> **YOUR GOAL**:
Below is a listing with pictures in it; transcribe exactly the lines from the one that has "Gift box close-up" through the one that has "View of illuminated", and omit those pictures.

> **SUPPLIED MATERIAL**:
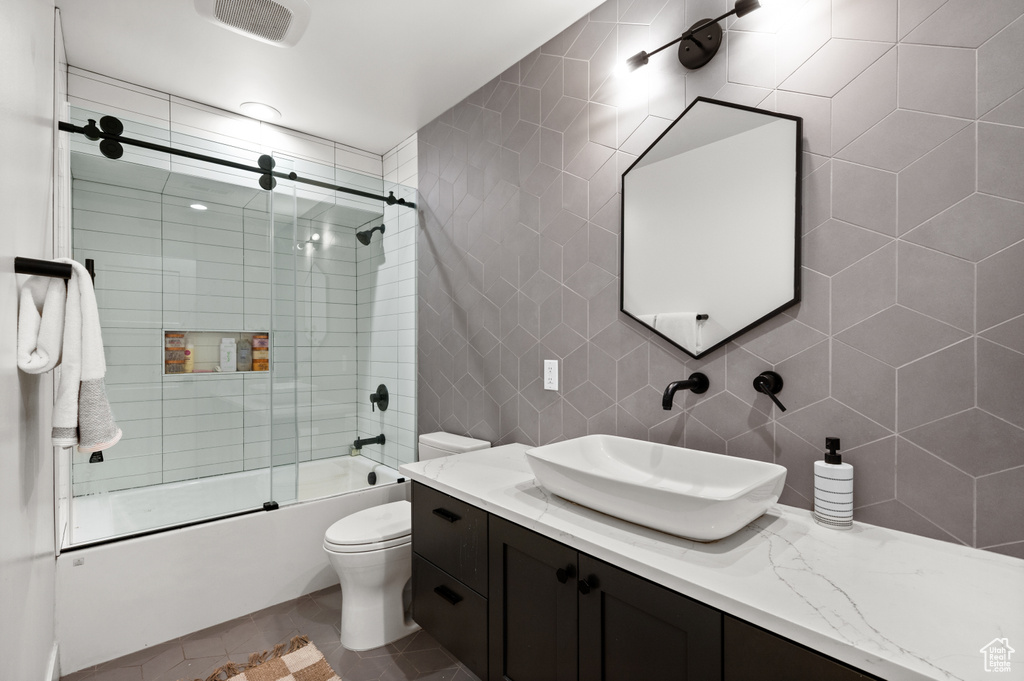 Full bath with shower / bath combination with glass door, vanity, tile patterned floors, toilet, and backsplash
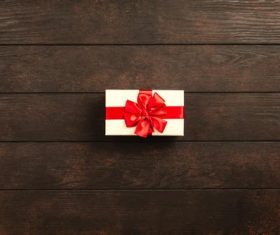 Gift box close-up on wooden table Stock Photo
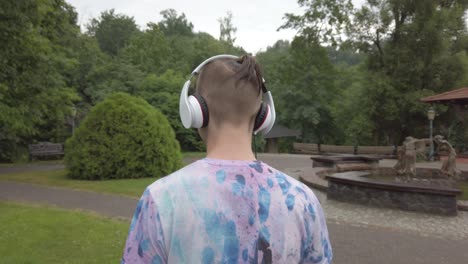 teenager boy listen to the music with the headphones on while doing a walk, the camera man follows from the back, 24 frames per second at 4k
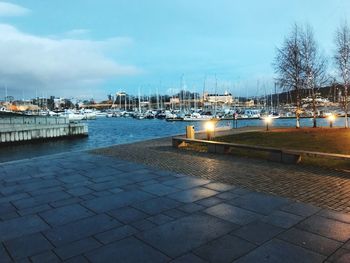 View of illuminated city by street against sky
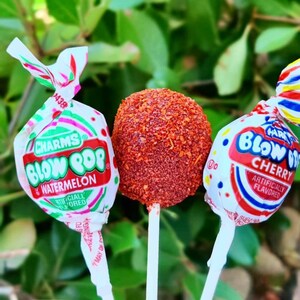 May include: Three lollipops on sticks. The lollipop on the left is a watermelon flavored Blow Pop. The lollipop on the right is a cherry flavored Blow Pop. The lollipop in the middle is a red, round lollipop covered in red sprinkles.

> **TASK RESPONSE**:
 Gift box close-up on wooden table Stock Photo
 teenager boy listen to the music with the headphones on while doing a walk, the camera man follows from the back, 24 frames per second at 4k
 View of illuminated city by street against sky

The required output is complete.